Chest Pain:
Is It your Heart or Not?
This question is asked numerous times daily
by both lay and medical personnel and the answer is not
always as straightforward as you may think. The medical
literature describes “classic” heart-related
chest pain (or angina) as an aching, burning sensation
in the mid-chest and/or left upper arm or jaw brought
on by exercise and relieved with rest. Unfortunately,
as in other areas of medicine, many people, especially
women, have heart-related chest pain that is not classic
or typical. However, certain factors can help guide you
through this quandary. The first key to understanding
your situation is to define your risk status for heart
disease. These risk factors are as follows:
- Smoking
- Obesity
- Personal history of heart attack, stroke, known
blockages in the coronary or other blood vessels.
- Personal history of high blood pressure
- Male 40 or older or female of 50 or older
- Family history of heart disease in a first degree
relative or numerous members of extended family
- Elevated cholesterol and triglyceride levels in
certain people.
Obviously
the more risk factors you have, the greater the chance
that your chest pain is heart-related. Historical factors
can be helpful in assessing the cause of chest pain. Pain
aggravated by exertion and relieved with rest is suspicious.

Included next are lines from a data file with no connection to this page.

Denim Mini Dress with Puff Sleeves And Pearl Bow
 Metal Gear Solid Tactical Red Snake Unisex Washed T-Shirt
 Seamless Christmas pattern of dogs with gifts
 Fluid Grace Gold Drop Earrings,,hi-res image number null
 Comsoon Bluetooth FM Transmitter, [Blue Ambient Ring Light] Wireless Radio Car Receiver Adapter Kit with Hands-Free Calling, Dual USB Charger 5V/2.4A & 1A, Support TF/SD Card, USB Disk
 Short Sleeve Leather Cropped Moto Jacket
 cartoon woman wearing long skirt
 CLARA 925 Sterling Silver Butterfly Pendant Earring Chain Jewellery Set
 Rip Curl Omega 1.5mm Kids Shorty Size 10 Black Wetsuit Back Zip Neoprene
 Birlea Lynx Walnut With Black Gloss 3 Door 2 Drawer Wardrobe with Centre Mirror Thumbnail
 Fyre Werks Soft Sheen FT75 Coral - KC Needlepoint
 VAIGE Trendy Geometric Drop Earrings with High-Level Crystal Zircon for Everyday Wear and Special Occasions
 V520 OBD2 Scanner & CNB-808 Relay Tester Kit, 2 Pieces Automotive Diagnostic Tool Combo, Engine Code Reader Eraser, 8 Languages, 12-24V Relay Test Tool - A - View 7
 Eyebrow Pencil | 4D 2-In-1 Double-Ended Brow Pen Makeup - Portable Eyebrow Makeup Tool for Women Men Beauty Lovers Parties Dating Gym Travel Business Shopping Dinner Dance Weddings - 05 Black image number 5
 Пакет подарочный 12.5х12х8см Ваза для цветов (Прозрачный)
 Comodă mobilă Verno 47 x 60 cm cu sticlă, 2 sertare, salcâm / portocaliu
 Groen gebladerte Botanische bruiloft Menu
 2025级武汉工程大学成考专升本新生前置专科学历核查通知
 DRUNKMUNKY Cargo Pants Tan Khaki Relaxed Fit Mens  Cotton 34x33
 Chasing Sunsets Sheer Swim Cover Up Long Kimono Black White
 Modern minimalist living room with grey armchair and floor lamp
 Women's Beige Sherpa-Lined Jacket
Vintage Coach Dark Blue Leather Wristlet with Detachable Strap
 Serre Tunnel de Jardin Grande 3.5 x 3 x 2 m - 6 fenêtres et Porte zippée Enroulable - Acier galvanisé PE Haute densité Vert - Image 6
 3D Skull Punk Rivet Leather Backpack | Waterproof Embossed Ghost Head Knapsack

Heart related chest pain (especially in women), may occur
without exertion, and would be of concern in a person
with numerous risk factors.
Other aggravating and relieving factors
can be helpful in differentiating the cause of pain. Chest
pain occurring just after a meal can be cardiac, however
this is less likely if relieved with antacids or belching.
The location of pain is of some help. Right-sided chest
pain is generally not heart related. The type of pain
may be useful in differentiating a cardiac cause of pain
from a non-cardiac cause. Superficial pain that worsens
with deep breathing and can be reproduced by pressing
on the chest is unlikely to be heart-related. If the pain
does not abate within an hour, you should seek urgent
medical attention. Remember, even medical professionals
have great difficulty in differentiating heart-related
chest pain form non-cardiac chest pain. If you do have
heart-related chest pain, time is of essence—the
sooner you are diagnosed, the more quickly emergency treatment
can be initiated. If you have a prior history of heart
disease, you could take a baby aspirin (81 mg), but no
more until you have sought medical attention. A bleeding
ulcer can cause chest pain as well, and aspirin certainly
has the potential to be harmful in that situation.
If your chest pain is not heart-related,
further, less-urgent testing can be done to determine
the cause. Other causes of non-cardiac chest pain include
gastrointestinal conditions such as heartburn and ulcers,
pulmonary conditions such as bronchitis and pneumonia,
and musculoskeletal conditions such as a pulled muscle
or inflamed cartilage in the chest or arm area. The bottom
line is if in doubt, check it out. A round-trip ticket
back home with a non-cardiac chest pain diagnosis is certainly
preferable to a one-way ticket to the hospital with a
delayed diagnosis of cardiac chest pain.